System Design/Architecture·15 min read·April 30, 2026

7 Data Pipeline Design Patterns Every Senior Data Engineer Must Know (2026)

Interviewers don't ask 'build a pipeline.' They ask 'how would you handle late data, schema changes, and exactly-once processing?' Master the 7 patterns that answer these questions.

Key Takeaways

✓Why 'I'd Use Airflow + Spark' Isn't a Good Enough Answer
✓Pattern 1: Idempotent Writes (The Foundation)
✓Pattern 2: Watermark-Based Late Data Handling
✓Pattern 3: Schema Evolution Without Breaking Downstream

Why 'I'd Use Airflow + Spark' Isn't a Good Enough Answer

When an interviewer asks you to design a data pipeline, they're not asking which tools to use. They're testing whether you understand the fundamental patterns that make pipelines reliable, scalable, and maintainable.
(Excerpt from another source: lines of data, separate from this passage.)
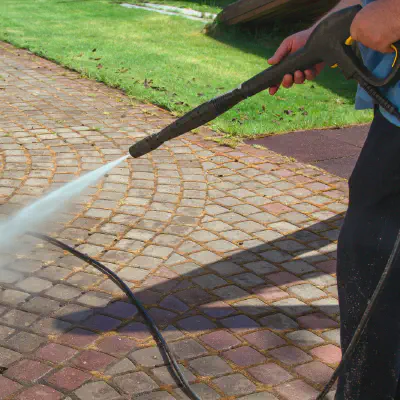 Power Washing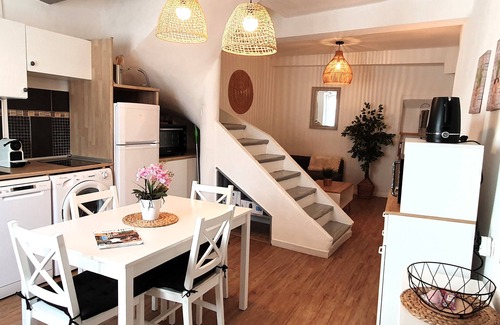 Thezan-des-Corbieres Casa | La Biscornutte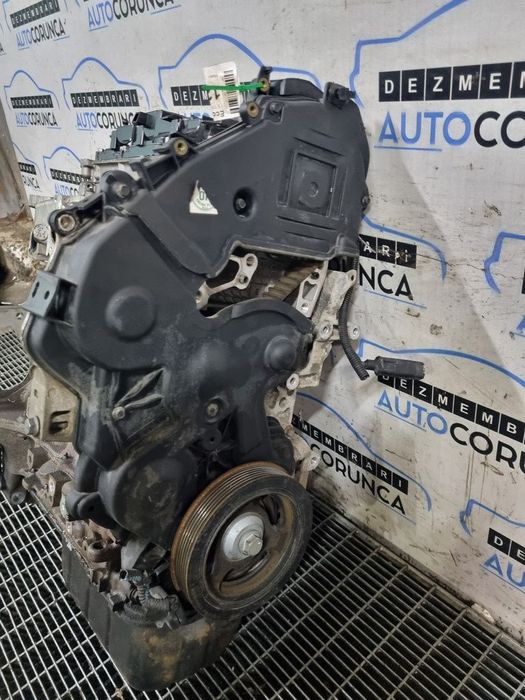 Motor Ford EcoSport II 1.5 TDCI 2013 - 2017 90CP Manuala UGJE Euro5 (1258) Diesel 4x2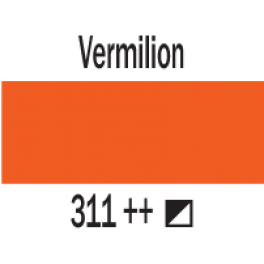 farba Talens Art Creation olej 200 ml - kolor 311 Vermilion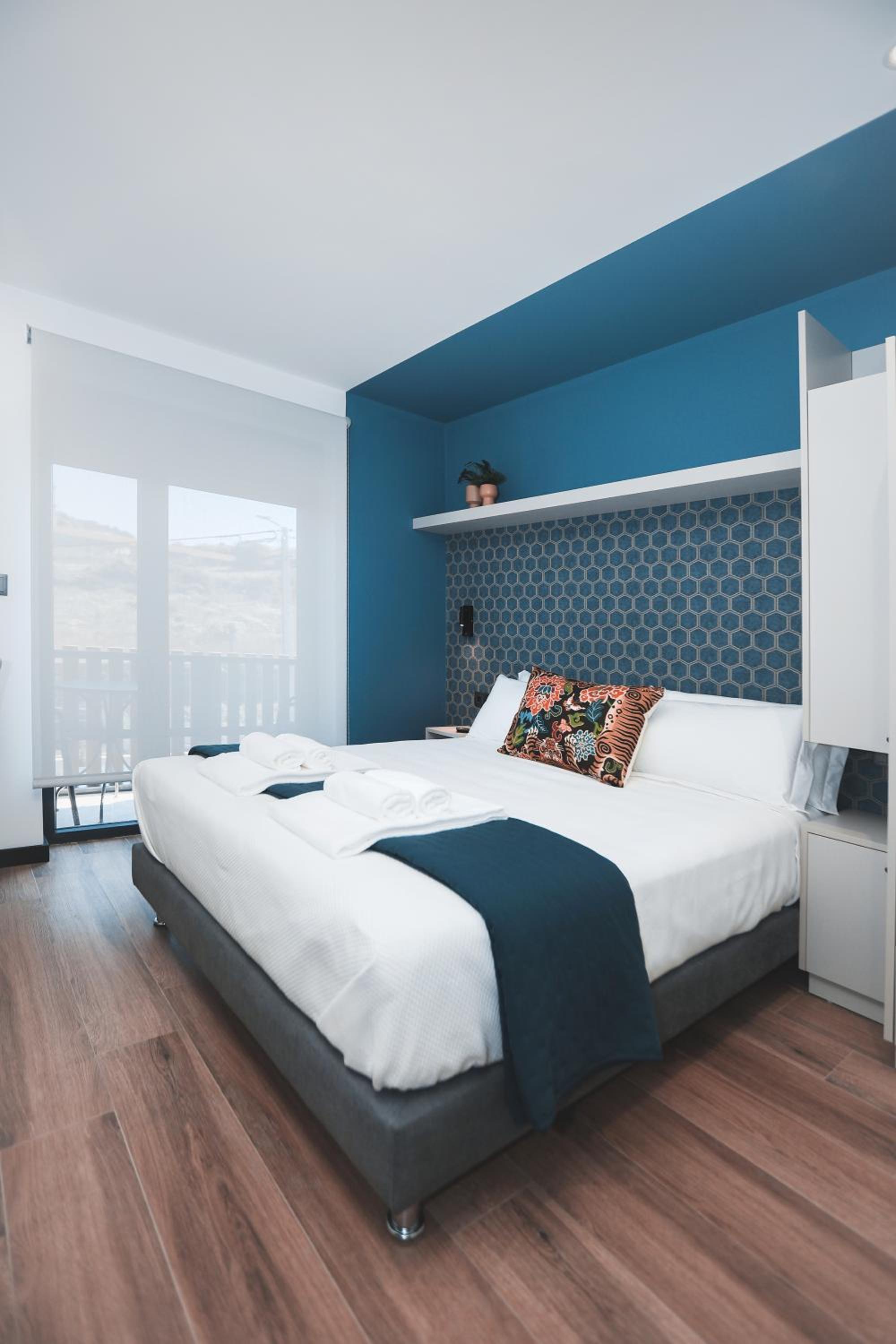 Double Room with Balcony photo 3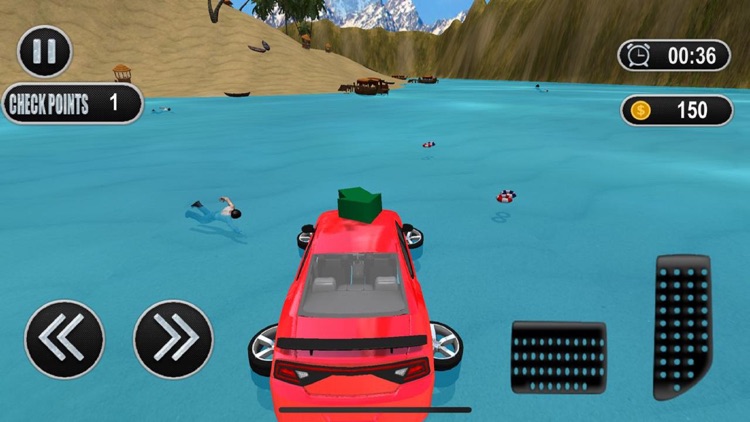 Time To Exploit Water Drive screenshot-3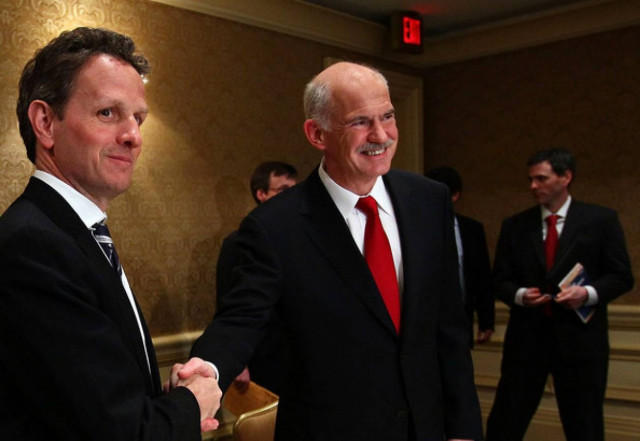 Σε τέταρτη συνεχόμενη παρέμβαση των ΗΠΑ ελπίζει τώρα η Αθήνα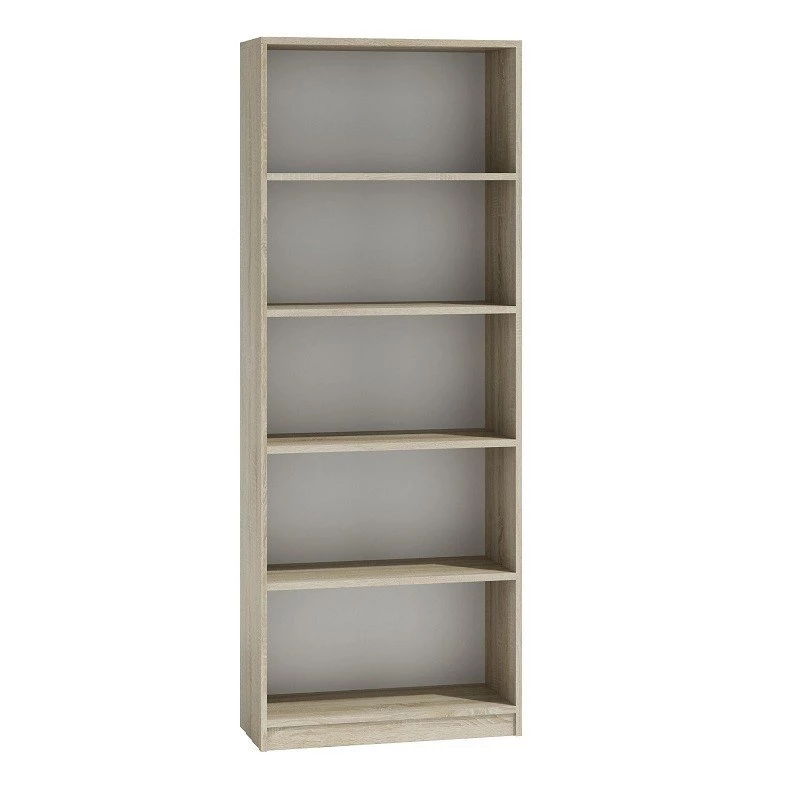 Topeshop R60 SONOMA Büroregal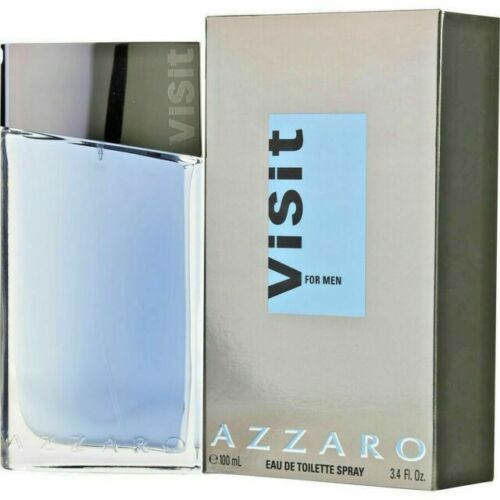 Azzaro Visit 3.4 Edt M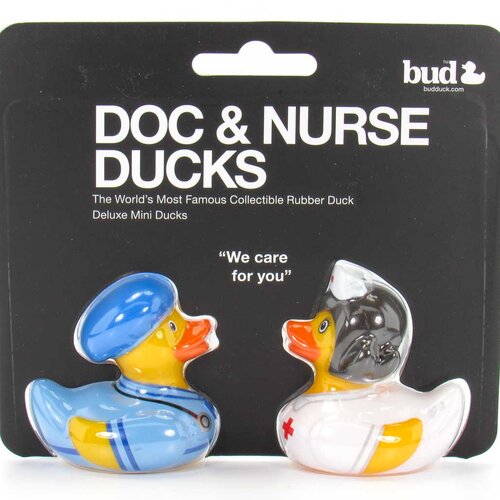 Doc &amp; Nurse Mini-Ente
The difference between a mid-level and senior answer isn't Airflow vs Prefect or Spark vs Flink. It's whether you can articulate:

How do you handle late-arriving data?
What happens when the pipeline fails halfway?
How do you guarantee exactly-once processing?
How do you evolve the schema without breaking downstream?

These 7 patterns form the building blocks that answer every pipeline design question.

Pattern 1: Idempotent Writes (The Foundation)

The problem: Pipelines fail and get retried. If your write isn't idempotent, retries create duplicates.

The pattern: Every write operation must produce the same result whether executed once or many times.

Implementation:

sql

-- Bad: INSERT INTO (creates duplicates on retry)
INSERT INTO target SELECT * FROM source WHERE date = '2026-01-01'

-- Good: INSERT OVERWRITE (idempotent)
INSERT OVERWRITE TABLE target PARTITION (date = '2026-01-01')
SELECT * FROM source WHERE date = '2026-01-01'

-- Better: MERGE (handles updates + inserts idempotently)
MERGE INTO target USING source ON target.id = source.id
WHEN MATCHED THEN UPDATE SET *
WHEN NOT MATCHED THEN INSERT *

Interview signal: Mention idempotency proactively in ANY pipeline design question. It shows you've dealt with production failures.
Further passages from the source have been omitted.